As time passed, the firearm came into use. Armor became obsolete, and with it the use of the weapons designed to defeat it, including the long sword, pole axe, and other heavy hand weapons. Swords with small, thin blades began to appear, as did manuals on their use, although there was some reluctance to accept these weapons among the fight masters of the early 16th Century. This inertia didn't last, and in 1553, Camillo Agrippa wrote his manual to particularly emphasize rapier usage; not just for soldiers but for civilians as well. Schools like Master Agrippa's started to grow, and so began the era of rapier duelling we know so well from Shakespeare's plays.

     Much of modern fencing technique began with a manual written by the Italian Master Ridolfo Capo Ferro in 1610, considered by many as the father of modern fencing. The Gran Simulacro codified both fighting technique and process, and the rules for civilian duelling.
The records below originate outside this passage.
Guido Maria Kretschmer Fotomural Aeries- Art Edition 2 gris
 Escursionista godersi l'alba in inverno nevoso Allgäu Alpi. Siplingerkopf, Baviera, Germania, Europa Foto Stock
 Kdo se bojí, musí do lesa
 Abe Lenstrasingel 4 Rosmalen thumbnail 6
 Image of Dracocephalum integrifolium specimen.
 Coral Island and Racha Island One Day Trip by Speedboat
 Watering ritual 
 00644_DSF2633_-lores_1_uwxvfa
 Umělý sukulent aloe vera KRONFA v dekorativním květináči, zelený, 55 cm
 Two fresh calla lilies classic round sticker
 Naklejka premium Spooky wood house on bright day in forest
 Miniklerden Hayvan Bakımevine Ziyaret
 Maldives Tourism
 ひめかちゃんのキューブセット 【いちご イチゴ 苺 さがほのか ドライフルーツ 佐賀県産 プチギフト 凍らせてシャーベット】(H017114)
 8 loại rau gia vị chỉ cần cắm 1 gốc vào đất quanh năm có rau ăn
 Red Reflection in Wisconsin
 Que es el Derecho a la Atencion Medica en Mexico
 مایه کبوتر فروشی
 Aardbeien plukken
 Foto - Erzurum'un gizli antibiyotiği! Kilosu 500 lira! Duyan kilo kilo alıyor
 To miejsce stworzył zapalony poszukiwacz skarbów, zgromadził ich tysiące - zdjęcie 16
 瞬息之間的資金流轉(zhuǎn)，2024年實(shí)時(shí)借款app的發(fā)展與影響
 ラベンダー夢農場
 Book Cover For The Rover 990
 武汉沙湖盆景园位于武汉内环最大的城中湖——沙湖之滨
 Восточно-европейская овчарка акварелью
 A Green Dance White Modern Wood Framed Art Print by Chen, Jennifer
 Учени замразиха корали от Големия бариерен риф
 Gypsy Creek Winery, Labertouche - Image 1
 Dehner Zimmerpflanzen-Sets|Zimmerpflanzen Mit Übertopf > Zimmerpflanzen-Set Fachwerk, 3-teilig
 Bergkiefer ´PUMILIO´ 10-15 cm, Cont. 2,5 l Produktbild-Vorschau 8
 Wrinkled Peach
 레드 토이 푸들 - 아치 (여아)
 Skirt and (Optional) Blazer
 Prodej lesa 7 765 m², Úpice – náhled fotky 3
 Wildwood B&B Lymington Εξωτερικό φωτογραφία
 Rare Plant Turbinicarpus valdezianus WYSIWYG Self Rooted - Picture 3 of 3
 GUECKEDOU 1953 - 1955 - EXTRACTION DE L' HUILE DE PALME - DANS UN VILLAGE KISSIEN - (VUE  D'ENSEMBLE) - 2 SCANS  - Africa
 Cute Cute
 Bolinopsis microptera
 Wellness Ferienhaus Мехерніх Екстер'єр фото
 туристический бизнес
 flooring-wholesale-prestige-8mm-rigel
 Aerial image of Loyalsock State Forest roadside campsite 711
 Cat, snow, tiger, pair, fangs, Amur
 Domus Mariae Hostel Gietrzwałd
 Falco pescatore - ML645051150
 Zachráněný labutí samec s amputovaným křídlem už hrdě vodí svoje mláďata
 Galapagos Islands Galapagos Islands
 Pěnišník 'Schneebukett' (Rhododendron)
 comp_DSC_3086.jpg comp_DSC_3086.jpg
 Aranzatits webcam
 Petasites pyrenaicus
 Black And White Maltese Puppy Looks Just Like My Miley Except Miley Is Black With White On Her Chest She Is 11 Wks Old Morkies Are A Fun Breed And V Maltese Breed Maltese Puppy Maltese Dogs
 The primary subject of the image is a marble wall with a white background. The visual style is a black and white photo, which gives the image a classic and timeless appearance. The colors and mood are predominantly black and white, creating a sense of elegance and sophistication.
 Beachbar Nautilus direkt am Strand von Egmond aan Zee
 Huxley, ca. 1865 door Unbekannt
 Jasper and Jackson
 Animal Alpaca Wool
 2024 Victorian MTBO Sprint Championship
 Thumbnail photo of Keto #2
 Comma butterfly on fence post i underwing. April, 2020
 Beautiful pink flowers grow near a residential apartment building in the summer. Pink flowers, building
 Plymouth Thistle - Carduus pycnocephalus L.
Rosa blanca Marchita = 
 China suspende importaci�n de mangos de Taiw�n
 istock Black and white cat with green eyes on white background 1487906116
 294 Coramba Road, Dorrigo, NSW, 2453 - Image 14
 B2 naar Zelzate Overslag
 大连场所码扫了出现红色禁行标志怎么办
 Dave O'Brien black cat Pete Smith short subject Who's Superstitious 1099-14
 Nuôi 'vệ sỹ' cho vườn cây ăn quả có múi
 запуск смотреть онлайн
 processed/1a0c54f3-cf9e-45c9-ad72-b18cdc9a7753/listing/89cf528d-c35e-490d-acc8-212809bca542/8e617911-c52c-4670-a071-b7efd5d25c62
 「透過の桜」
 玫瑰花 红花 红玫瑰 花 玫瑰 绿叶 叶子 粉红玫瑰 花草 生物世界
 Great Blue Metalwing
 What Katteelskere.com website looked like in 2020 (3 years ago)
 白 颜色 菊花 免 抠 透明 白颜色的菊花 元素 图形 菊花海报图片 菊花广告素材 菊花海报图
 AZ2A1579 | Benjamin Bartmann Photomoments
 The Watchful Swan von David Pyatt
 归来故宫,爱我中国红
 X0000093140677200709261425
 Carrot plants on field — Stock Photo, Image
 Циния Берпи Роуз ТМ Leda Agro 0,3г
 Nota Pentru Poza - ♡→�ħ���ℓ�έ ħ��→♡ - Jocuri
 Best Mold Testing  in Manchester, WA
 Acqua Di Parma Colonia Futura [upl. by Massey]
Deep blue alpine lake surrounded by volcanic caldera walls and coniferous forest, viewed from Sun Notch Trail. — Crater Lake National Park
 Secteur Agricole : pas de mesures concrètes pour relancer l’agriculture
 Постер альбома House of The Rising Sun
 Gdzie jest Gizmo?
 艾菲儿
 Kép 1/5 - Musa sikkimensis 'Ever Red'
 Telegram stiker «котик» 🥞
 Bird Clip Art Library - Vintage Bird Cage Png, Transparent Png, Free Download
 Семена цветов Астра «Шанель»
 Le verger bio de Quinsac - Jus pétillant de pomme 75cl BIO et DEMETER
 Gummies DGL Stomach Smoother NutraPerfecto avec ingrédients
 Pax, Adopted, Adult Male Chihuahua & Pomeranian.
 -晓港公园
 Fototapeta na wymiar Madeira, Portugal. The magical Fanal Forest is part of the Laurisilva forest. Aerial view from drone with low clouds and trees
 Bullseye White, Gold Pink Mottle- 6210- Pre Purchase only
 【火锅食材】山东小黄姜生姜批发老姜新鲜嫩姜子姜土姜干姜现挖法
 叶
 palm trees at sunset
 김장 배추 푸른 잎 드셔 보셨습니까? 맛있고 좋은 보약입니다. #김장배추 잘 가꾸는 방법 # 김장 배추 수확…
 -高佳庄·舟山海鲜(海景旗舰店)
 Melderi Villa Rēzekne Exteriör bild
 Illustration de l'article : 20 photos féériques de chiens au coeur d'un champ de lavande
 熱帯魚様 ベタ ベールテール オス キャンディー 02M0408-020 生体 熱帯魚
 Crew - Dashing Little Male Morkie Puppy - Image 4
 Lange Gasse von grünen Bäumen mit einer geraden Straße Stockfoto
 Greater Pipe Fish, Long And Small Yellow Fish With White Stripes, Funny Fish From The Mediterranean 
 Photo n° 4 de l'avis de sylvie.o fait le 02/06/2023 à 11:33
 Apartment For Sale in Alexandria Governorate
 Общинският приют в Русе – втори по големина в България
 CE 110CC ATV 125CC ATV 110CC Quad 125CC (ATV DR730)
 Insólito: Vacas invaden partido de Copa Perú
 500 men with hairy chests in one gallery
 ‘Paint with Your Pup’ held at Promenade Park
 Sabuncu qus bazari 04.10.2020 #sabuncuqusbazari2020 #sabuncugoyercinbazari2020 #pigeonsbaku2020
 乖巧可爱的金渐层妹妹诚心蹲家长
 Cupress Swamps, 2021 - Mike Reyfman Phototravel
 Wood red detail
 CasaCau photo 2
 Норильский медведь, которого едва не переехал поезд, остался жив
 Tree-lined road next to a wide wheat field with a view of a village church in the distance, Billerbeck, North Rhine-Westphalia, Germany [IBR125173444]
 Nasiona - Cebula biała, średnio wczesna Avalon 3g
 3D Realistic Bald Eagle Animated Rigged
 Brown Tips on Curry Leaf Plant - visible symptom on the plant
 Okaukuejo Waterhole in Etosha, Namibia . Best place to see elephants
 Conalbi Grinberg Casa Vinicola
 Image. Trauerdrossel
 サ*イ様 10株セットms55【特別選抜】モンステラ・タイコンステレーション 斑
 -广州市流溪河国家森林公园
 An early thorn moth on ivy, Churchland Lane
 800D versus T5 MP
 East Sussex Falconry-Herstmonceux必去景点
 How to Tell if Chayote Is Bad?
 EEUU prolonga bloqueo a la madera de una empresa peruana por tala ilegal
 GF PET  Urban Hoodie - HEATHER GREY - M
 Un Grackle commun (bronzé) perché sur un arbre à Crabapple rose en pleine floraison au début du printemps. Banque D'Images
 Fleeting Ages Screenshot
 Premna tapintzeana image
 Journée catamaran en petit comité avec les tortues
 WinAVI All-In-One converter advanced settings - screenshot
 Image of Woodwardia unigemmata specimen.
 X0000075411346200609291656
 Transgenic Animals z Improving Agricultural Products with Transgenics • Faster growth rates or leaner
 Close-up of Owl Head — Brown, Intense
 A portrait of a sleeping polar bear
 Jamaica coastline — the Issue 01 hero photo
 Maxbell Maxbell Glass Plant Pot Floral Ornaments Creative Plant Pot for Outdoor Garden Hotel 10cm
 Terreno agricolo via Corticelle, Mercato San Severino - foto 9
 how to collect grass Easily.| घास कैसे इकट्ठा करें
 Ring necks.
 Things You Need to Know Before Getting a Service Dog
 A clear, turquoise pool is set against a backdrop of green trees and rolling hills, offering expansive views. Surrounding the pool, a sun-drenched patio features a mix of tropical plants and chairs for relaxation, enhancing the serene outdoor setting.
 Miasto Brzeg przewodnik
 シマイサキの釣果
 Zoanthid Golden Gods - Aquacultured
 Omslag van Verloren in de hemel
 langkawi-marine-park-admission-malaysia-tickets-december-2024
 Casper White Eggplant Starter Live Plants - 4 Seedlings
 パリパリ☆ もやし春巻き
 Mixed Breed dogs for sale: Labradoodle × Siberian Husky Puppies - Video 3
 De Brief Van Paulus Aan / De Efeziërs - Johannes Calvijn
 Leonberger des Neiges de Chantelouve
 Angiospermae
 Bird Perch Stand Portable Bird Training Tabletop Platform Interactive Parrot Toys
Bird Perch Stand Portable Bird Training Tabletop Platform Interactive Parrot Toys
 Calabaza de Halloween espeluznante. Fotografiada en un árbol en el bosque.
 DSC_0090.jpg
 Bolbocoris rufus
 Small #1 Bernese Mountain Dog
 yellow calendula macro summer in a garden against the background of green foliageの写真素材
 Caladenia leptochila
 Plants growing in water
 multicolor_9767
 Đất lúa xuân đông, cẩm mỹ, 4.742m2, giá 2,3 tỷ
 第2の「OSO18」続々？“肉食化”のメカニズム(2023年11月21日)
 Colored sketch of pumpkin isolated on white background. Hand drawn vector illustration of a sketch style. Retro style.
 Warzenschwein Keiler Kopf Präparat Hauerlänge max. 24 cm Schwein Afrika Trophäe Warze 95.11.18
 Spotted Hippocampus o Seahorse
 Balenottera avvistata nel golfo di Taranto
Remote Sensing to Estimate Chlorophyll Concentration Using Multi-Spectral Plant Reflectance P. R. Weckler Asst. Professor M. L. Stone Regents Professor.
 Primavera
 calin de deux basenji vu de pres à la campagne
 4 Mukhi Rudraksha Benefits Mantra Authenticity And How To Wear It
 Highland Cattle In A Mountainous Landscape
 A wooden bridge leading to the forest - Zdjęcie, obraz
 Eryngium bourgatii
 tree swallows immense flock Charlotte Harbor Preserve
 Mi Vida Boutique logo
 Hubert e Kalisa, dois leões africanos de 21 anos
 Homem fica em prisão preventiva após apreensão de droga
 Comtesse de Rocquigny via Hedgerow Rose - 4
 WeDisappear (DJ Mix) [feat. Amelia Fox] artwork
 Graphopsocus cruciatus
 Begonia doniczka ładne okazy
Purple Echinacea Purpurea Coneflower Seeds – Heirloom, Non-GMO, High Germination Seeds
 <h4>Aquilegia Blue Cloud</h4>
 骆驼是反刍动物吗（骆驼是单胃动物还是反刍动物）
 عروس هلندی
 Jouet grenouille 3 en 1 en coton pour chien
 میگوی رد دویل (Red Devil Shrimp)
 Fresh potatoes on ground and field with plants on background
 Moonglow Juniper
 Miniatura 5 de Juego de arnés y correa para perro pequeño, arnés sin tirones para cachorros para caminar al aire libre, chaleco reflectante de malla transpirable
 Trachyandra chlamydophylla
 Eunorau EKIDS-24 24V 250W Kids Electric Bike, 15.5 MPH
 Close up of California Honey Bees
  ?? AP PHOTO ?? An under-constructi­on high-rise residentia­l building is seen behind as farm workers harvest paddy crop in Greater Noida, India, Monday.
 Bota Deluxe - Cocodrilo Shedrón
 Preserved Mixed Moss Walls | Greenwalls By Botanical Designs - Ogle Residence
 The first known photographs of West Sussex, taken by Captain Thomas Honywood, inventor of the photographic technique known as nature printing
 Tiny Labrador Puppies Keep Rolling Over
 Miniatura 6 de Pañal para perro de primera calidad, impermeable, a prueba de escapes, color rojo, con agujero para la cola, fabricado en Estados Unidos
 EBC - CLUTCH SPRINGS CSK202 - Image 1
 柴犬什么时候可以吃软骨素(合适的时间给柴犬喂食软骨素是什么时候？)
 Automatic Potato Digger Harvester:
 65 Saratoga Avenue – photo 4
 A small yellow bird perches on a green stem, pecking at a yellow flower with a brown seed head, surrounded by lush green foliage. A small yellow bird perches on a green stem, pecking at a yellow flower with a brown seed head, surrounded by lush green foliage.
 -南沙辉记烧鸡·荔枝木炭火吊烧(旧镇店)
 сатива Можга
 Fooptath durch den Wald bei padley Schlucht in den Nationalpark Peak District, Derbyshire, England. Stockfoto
With the development of safety equipment during this period, competitions began to be staged; first among students and later between the major fencing schools.

     Until the end of the 18th Century, the rapier maintained its dominance as the preferred weapon for free men until the wearing of weapons and duelling in public was outlawed as a means of stopping large numbers of aristocratic young men from inconveniently killing each other.

     Fencing for sport, (fueled by the many fencing schools in Europe), maintained its popularity and traditions in Europe from the 17th through 19th Centuries. The German, Italian, and French rules for fencing, developed over two and a half centuries of tradition, were brought to the same table with those of Great Britain, Belgium, Bohemia, Holland, Hungary, and Norway at a special meeting on November 29th, 1913.

    This meeting resulted in the formation of the Federation Internationale d'Escrime, (or FIE) as the governing body for the sport of fencing throughout the world. The institution established standard rules to govern participants from all countries and traditions for fencing including the field of play (the fencing strip), quality of equipment (manufacture of weapons and masks), and the structure and function of bouts, tournaments, and other competitions. The FIE also is charged with adapting the rules to account for improvements in technology, including electronic scoring and transparent, lighted masks. Because of this organization and the enthusiasm of fencers worldwide, fencing was included in the first modern Olympic Games and continues to this day.